Andrey Vlasov had once been considered a rising young general in the Red Army. Then, a series of unfortunate events had resulted in his own forces being left stranded and overwhelmed by the Germans. Requests for support, and then rescue, had gone unheeded. Vlasov’s force had been destroyed and he’d been captured.
Furious, and realizing the callousness and ineptitude of the Soviet high command, he’d turned traitor and had gone over to the Germans. Now the former Soviet lieutenant general led an anti-Soviet force, called the Russian Liberation Army.
Vlasov understood Berlin’s reluctance to use his forces, now at nearly sixty-thousand men, in key areas. Simply put, if they’d changed sides once, what would stop them from doing it again? Time would vindicate them, he told his second in command, Sergei Bunyachenko, as they traded shots of vodka.
However, the actions of the Nazis against Russian civilians had upset him deeply. The Germans could have been welcomed as liberators, not conquerors, and their savagery had horrified him. It was one thing to be brutal to combatants, and he didn’t much give a damn what happened to the Jews, but the manner in which the SS in particular was treating Russian civilians was appalling and he was beginning to wonder if he had indeed made the right decision. Rape and massacre seemed to be the code of the SS, especially the Totenkopf divisions who fought with incredible savagery on the Russian front. He wondered why almost all the Reich’s SS divisions were now confronting the Soviets. Why had those divisions in France and elsewhere been moved to the Eastern Front? He felt that the answer was that the SS would fight with incredible savagery against Slavic peoples they didn’t think were human.

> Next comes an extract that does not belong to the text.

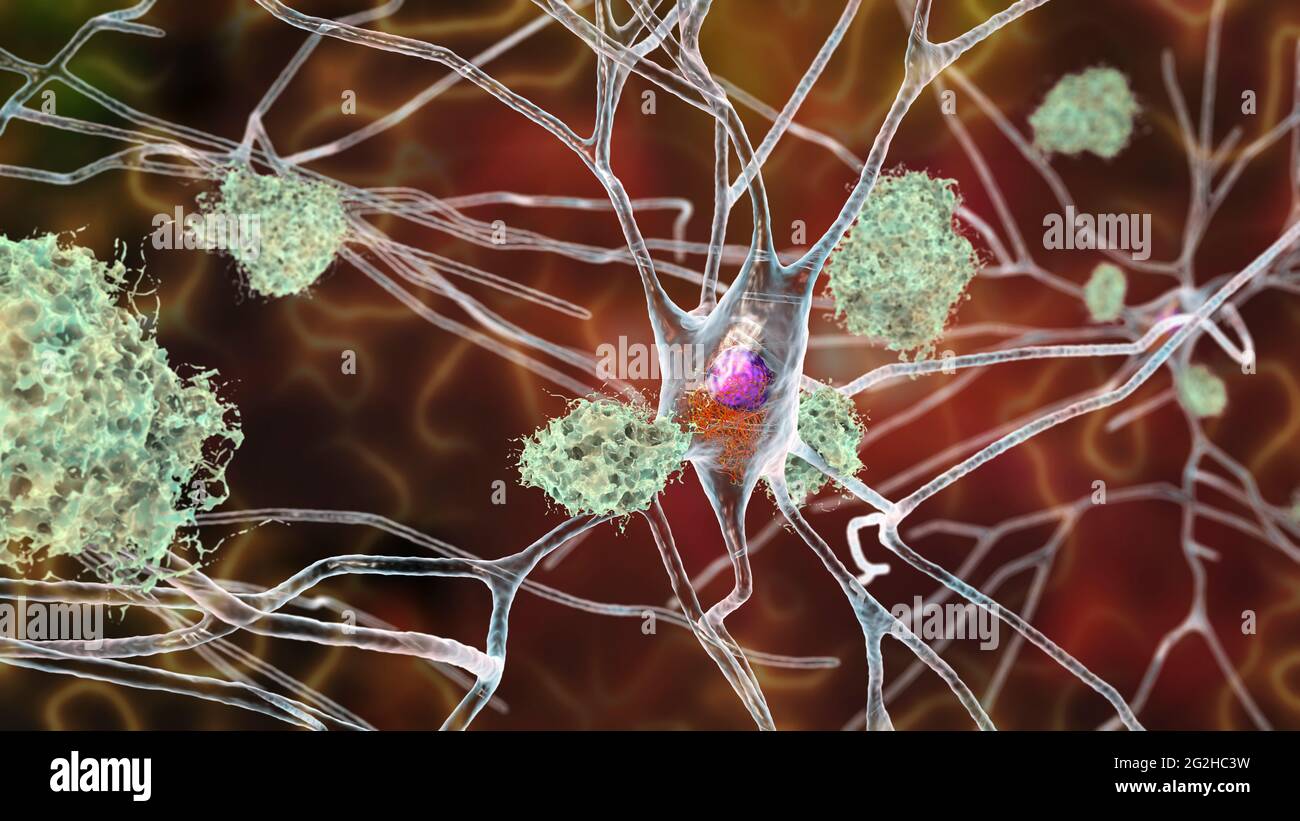 Cellule nervose colpite dal morbo di Alzheimer, illustrazione Foto Stock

He looked across the table. Bunyachenko was nearly asleep. Vlasov was puzzled. Sergei hadn’t had all that much vodka and the man had the capacity of a bear. Perhaps it was because they had just eaten a good heavy meal, were tired, and that the room was warm? Yes, that must be it. They were in Berlin awaiting a meeting with von Rundstedt. The field marshal had said he wanted Vlasov’s army sent to Yugoslavia and Vlasov thought that might be a good idea. They would earn the OKW’s respect by putting down the civil war going on in that godforsaken country by squashing Tito’s partisan armies. He would succeed where the regular German Army had failed, thereby earning the German high command’s respect and gratitude.
Vlasov yawned. Damn, he was getting sleepy too. Bunyachenko’s head came down and rested gently on the table. Vlasov couldn’t keep awake. Dimly, he knew that something had gone terribly wrong, but what he couldn’t say. Nor could he think. Nor could he fight the sleepiness.
His last coherent thought before he lapsed into unconsciousness was the horrible realization that he’d been drugged and that he was looking at the face of Satan.
Now it was Jack’s turn to go looking for a missing friend. After his narrow scrape with the Panthers, Carter had simply walked away and hadn’t been seen in a couple of hours. His crew, all of whom had almost miraculously survived, saw him walking off with a bottle in his hand.
“And I don’t think it was Coca-Cola, sir,” said Carter’s driver. All but one of the crew would return to duty immediately, or as soon as they got another tank. One man had a broken arm and would be replaced, but the rest only suffered from bumps, bruises, and minor burns. The driver’s eyebrows were singed black, which made him look like he’d been made up to look like a tramp.